Manque de ressources ou mauvaise gestion de crise

L’hémorragie s’aggrave…Y-a-t-il moyen de la contenir ? Tous les experts sont unanimes et affirment que la situation nécessite des réformes structurelles qui s’attacheront à aller au plus profond du problème. Aucun rafistolage ni maquillage ne seront permis, au risque de voir le pays s’enliser dans une crise sans fin.

‘’Nous avons clairement mal géré la crise des points de vue économique, financier et social. Nous avons donné la priorité à la maîtrise de l’inflation. La conséquence est que nous avons perdu des milliers d’entreprises étouffées par l’absence de liquidités. Nous avons perdu des centaines de milliers d’emplois. Et nous avons étouffé notre économie. Tout cela pour maintenir ou faire baisser légèrement le taux d’inflation. Depuis le mois d’avril nous avions proposé de gérer la crise autrement’’, analyse l’expert Saïdane.

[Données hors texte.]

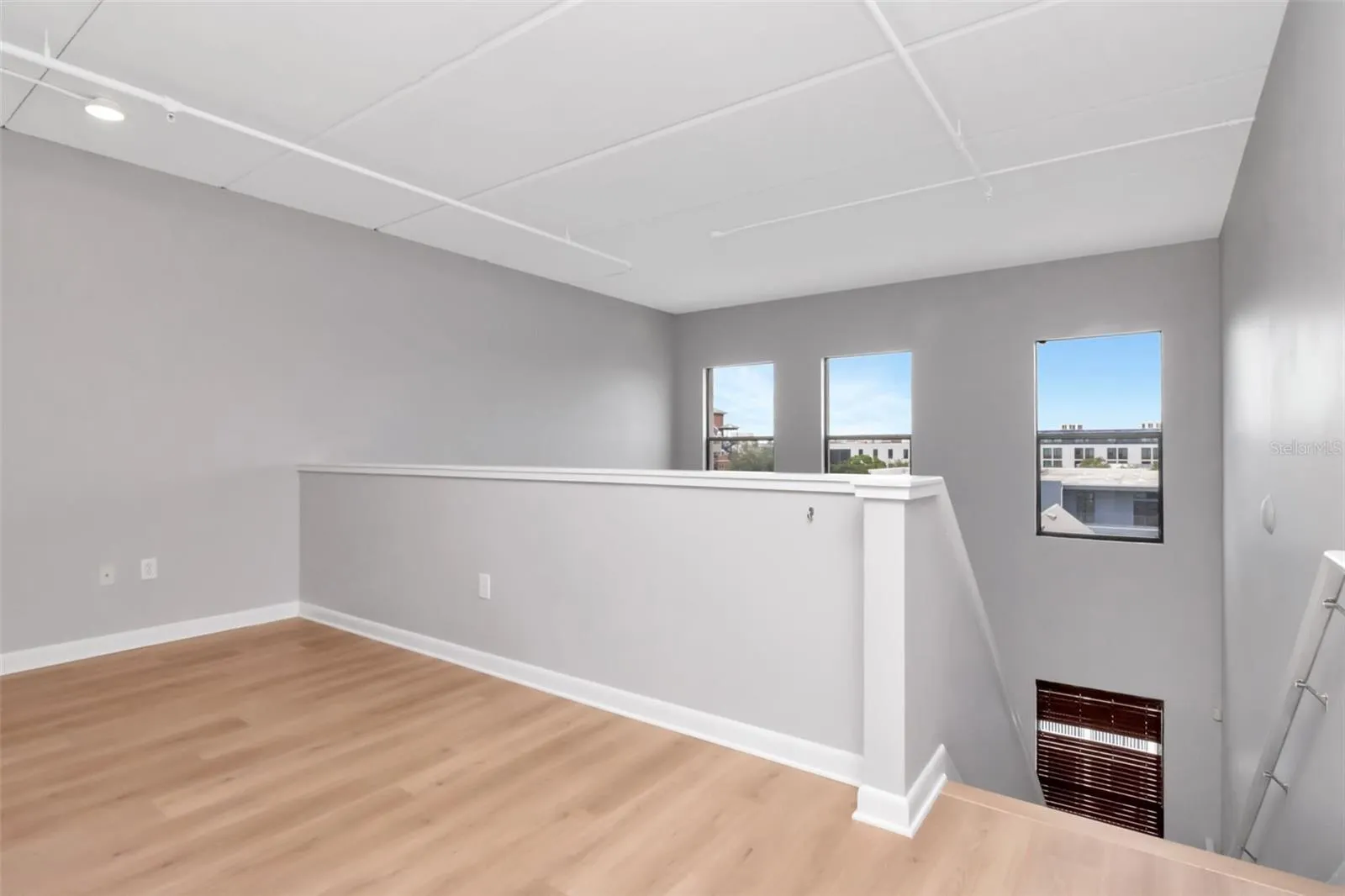 1621 E 4TH AVE #202, #202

Pour lui, la solution réside en premier à baisser le taux directeur de la BCT et à injecter entre 15 et 20 milliards de Dinars de liquidités supplémentaires dans l’économie en rassurant les autorités monétaires que cette injection ne se traduirait pas par une hausse du taux d’inflation. ‘’Les analyses le montrent bien. Une telle injection aurait permis de mettre à la disposition du système bancaire et financier des liquidités nouvelles de l’ordre de 7 à 8 milliards de Dinars qui seraient utilisées pour financer les entreprises, au lieu de financer le déficit du budget de l’État. Cette injection de liquidités proviendrait du rachat par la BCT de l’ensemble des bons de trésor détenus par les banques (entre 15 et 20 milliards de Dinars). Cette dette de l’État serait transformée en dette à très long terme (30 à 40 ans) avec un délai de grâce de 10 ans par exemple. Une telle injection serait accompagnée de deux mesures essentielles: la rationalisation des dépenses de l’État, et la rationalisation des importations. Un tel programme serait de nature à relancer la machine de l’économie tunisienne totalement étouffée et grippée aujourd’hui’’, assure-t-il.